__RECORDS SHOWN__.
★ ★ ★ ★
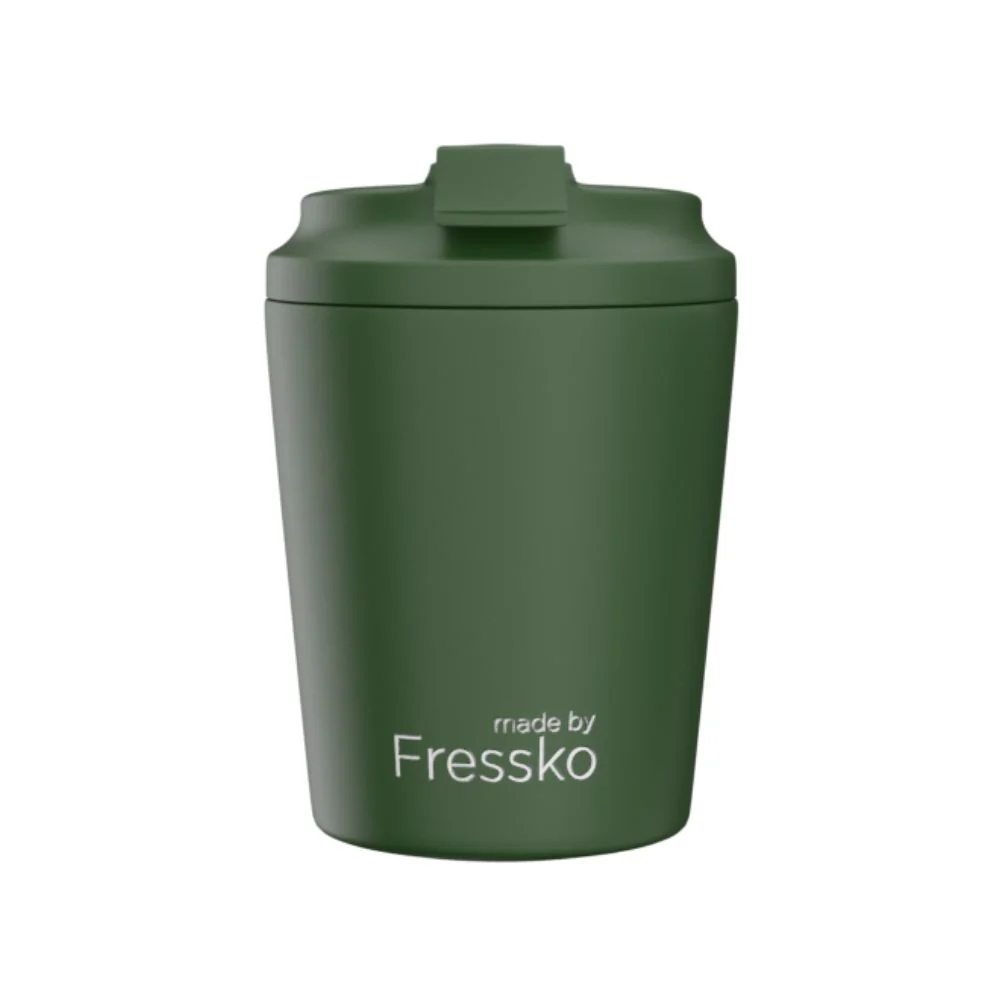 Fressko Reusable CERAMIC LINED Cup 4oz - Image 8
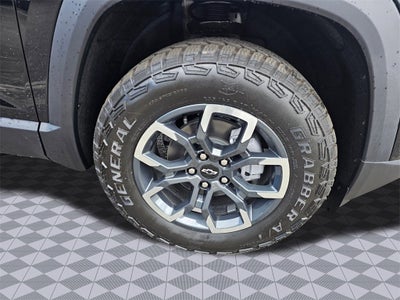 2025 Chevrolet Equinox ACTIV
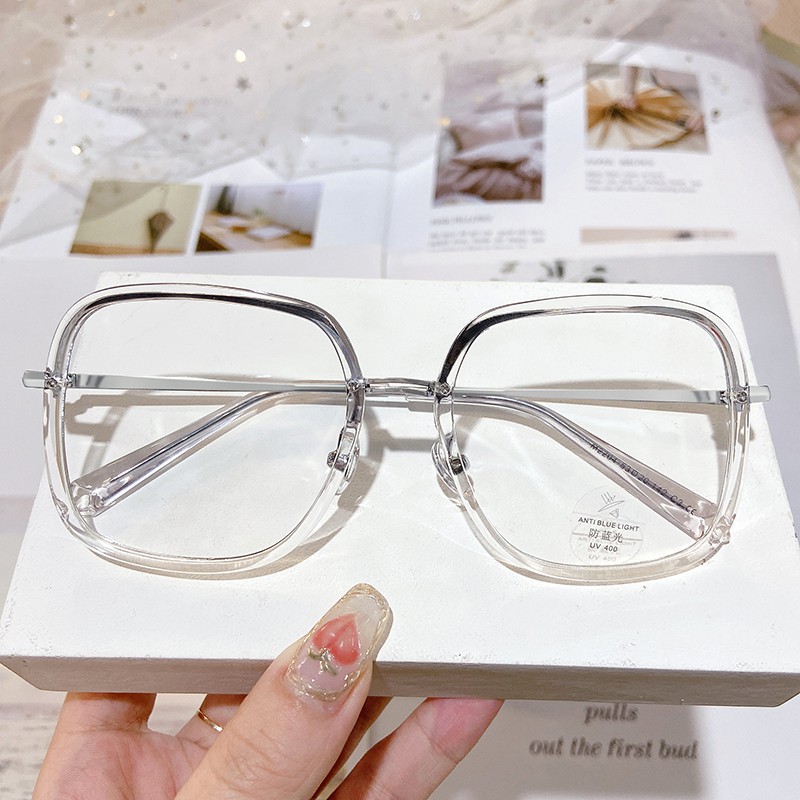 Mắt Kính Chống Ánh Sáng Xanh Thời Trang Hàn Quốc Jz2204 | BigBuy360 - bigbuy360.vn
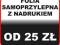 FOLIA SAMOPRZYLEPNA naklejki naklejka REKLAMA FV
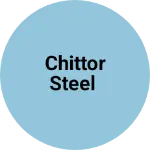 Business logo of Chittor steel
★ ★ ★ ★
__ACTIVITY__.
Where the data contains images, drop them and print the rest exactly.

__TASK SOLUTION__.
 Fressko Reusable CERAMIC LINED Cup 4oz - Image 8
 2025 Chevrolet Equinox ACTIV
 Mắt Kính Chống Ánh Sáng Xanh Thời Trang Hàn Quốc Jz2204 | BigBuy360 - bigbuy360.vn
 FOLIA SAMOPRZYLEPNA naklejki naklejka REKLAMA FV
 Business logo of Chittor steel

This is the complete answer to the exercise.